Vehicles driven by Class 1/A professional drivers transport goods over urban, interurban, provincial and international routes. The drivers are employed by transportation companies, manufacturing and distribution companies, moving companies and employment service agencies. These National Occupational Standards also include competency requirements related to business skills for owner-operators (i.e., self-employed professional drivers).
Professional Entry-level Driver
Class 1/A professional drivers operate vehicles to transport goods over urban, interurban, provincial and international routes. They are employed by transportation companies, manufacturing and distribution companies, moving companies and employment services. These National Occupational Standards describe the expected level of skill of a candidate once the entry-level training at the school and carrier is completed.
Professional Driver Trainer
Professional driver trainers promote safety and facilitate in-class and/or in-vehicle learning. Some professional driver trainers are also involved in training administration and program development. Some will also do in-vehicle training with drivers and can also work as professional drivers themselves.

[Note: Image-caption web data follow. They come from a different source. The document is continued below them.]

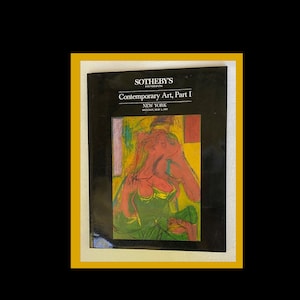 Sotheby&#39;s  Contemporary Art Pat ! New York May 1987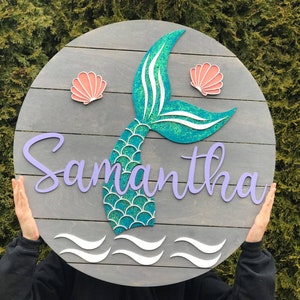 mermaid baby room ideas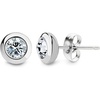 Silver & White Cubic Zirconia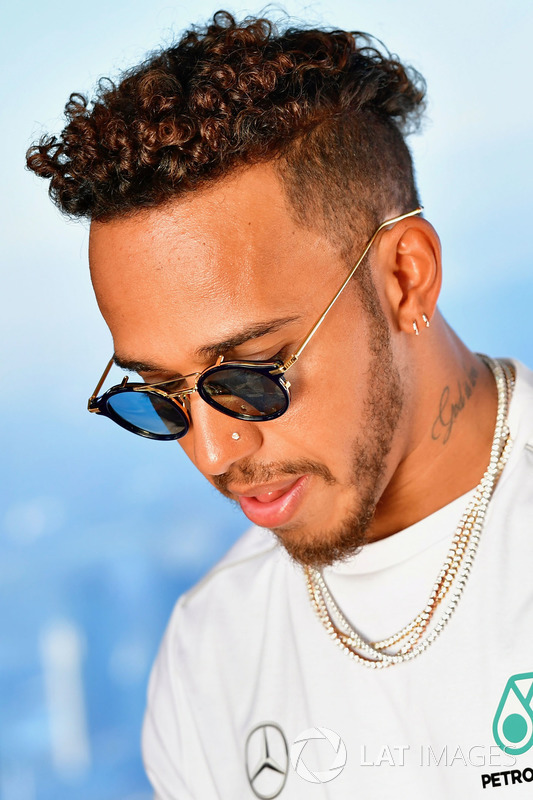 Lewis Hamilton, Mercedes-AMG F1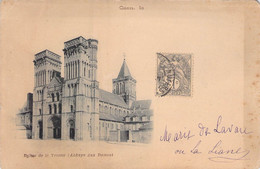 CPA - 14 - Caen - Eglise De La Trinité - Précurseur Dos Non Divisé - Caen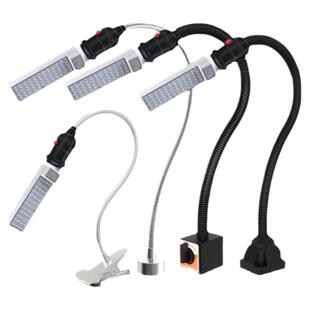 led机床工作灯220强力磁吸冲车床缝纫机工业设备照明灯110v万向灯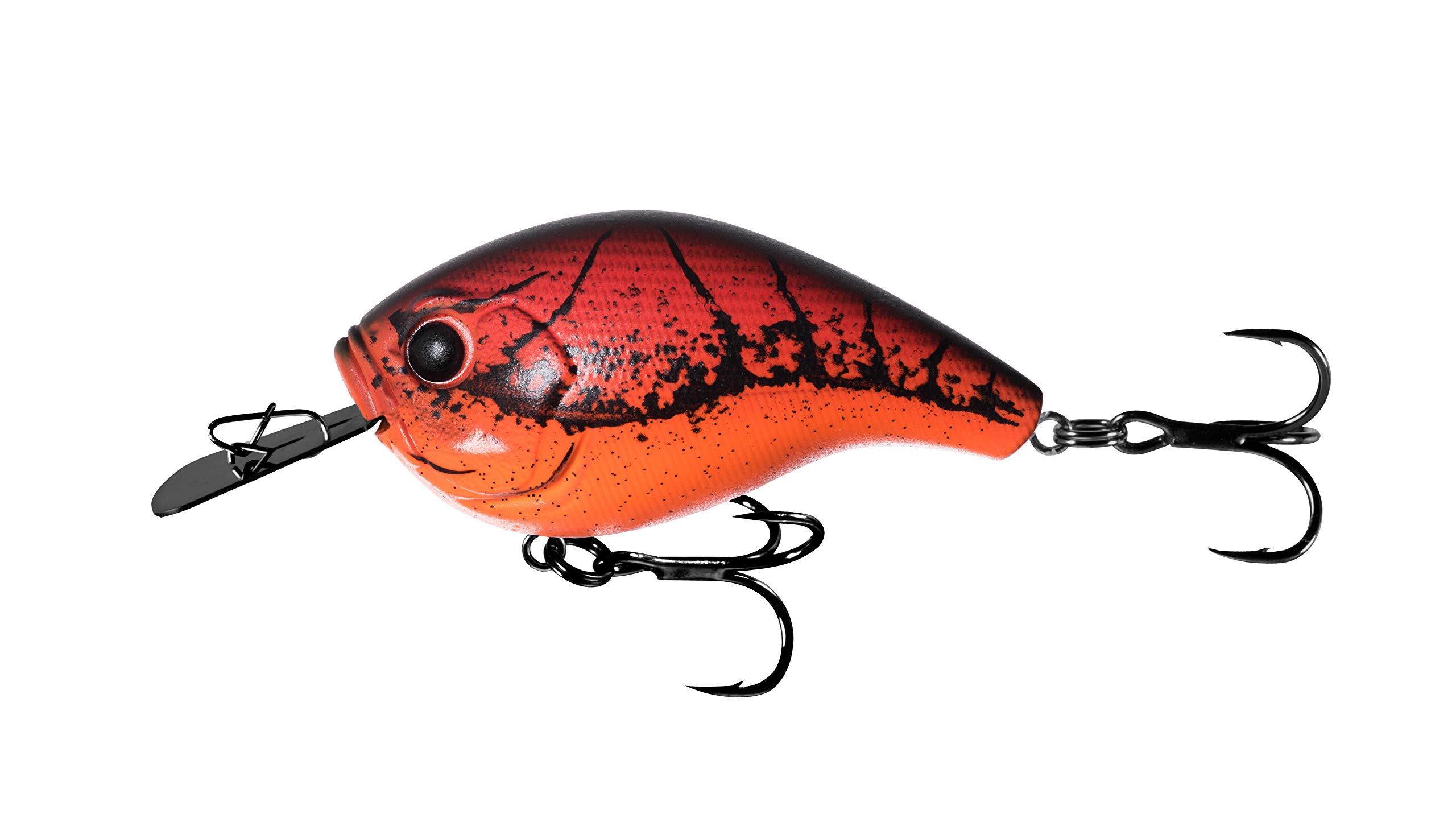 13 Fishing Jabber Jaw Hybrid Squarebill Crankbait for Bass Fishing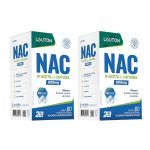 Kit 2X NAC N-Acetil L-Ciste�na - 60 C�psulas - Lauton Nutrition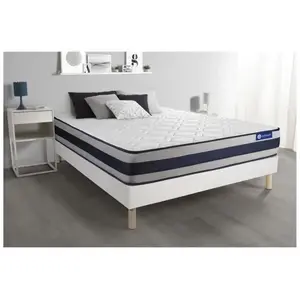 Comparateur de prix : Actisom Ensemble Matelas Latex Et Memoire De Forme Actilatex Ergo 140x...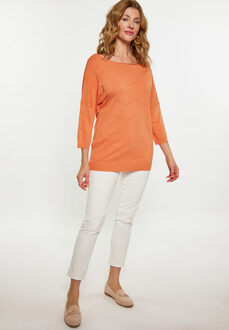 Usha Jumper Dames abrikoos Perzik - XS/S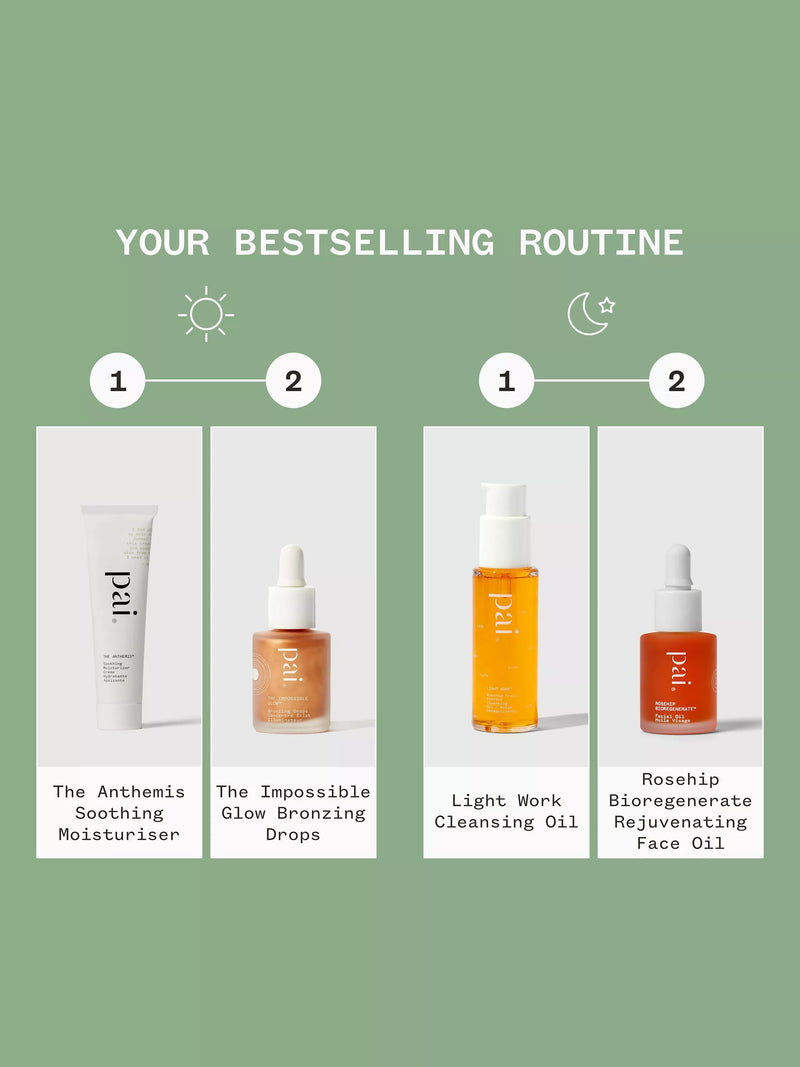 Pai Try Pai Kit skincare set for sensitive skin - British product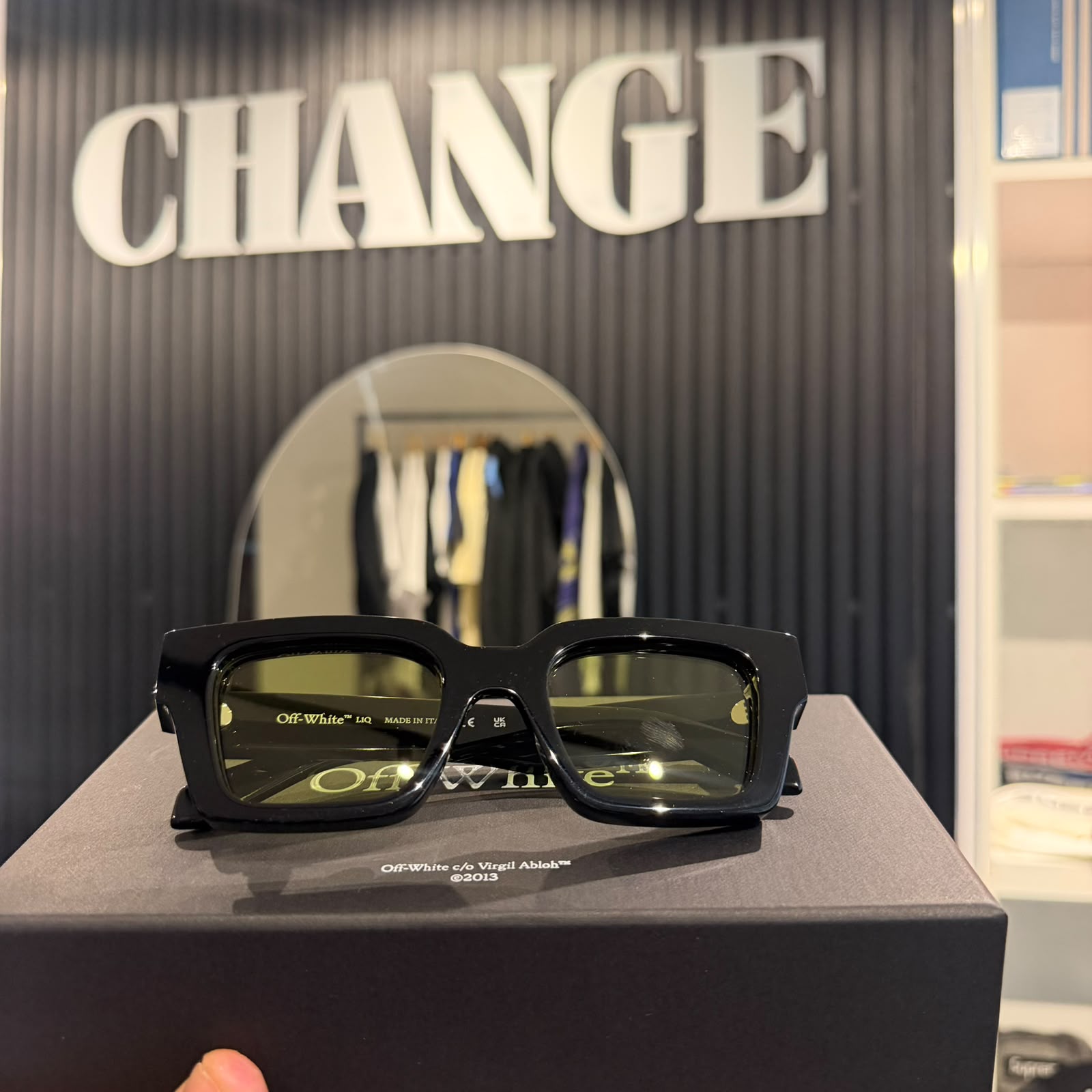OFF WHITE VIRGIL LENTES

Dispatchers manage the resources for companies that transport commercial goods. They work very closely with the drivers coordinating the routes, and play a key role in retaining drivers. Dispatchers typically assign and monitor shipments.
A coach is a company driver who is assigned to work with a newly trained driver over a short period of time (several weeks), providing them with additional in-cab training on skills development and on application of company policies and procedures, and provides hands-on instruction and guidance. A mentor is a company driver assigned to work with a newly hired experienced driver over a longer period of time (several months), sharing their knowledge and experience. An assessor is an individual who is responsible for assessing the skills of newly trained and newly hired drivers, and making recommendations on hiring new drivers and providing feedback on the skills that require additional training.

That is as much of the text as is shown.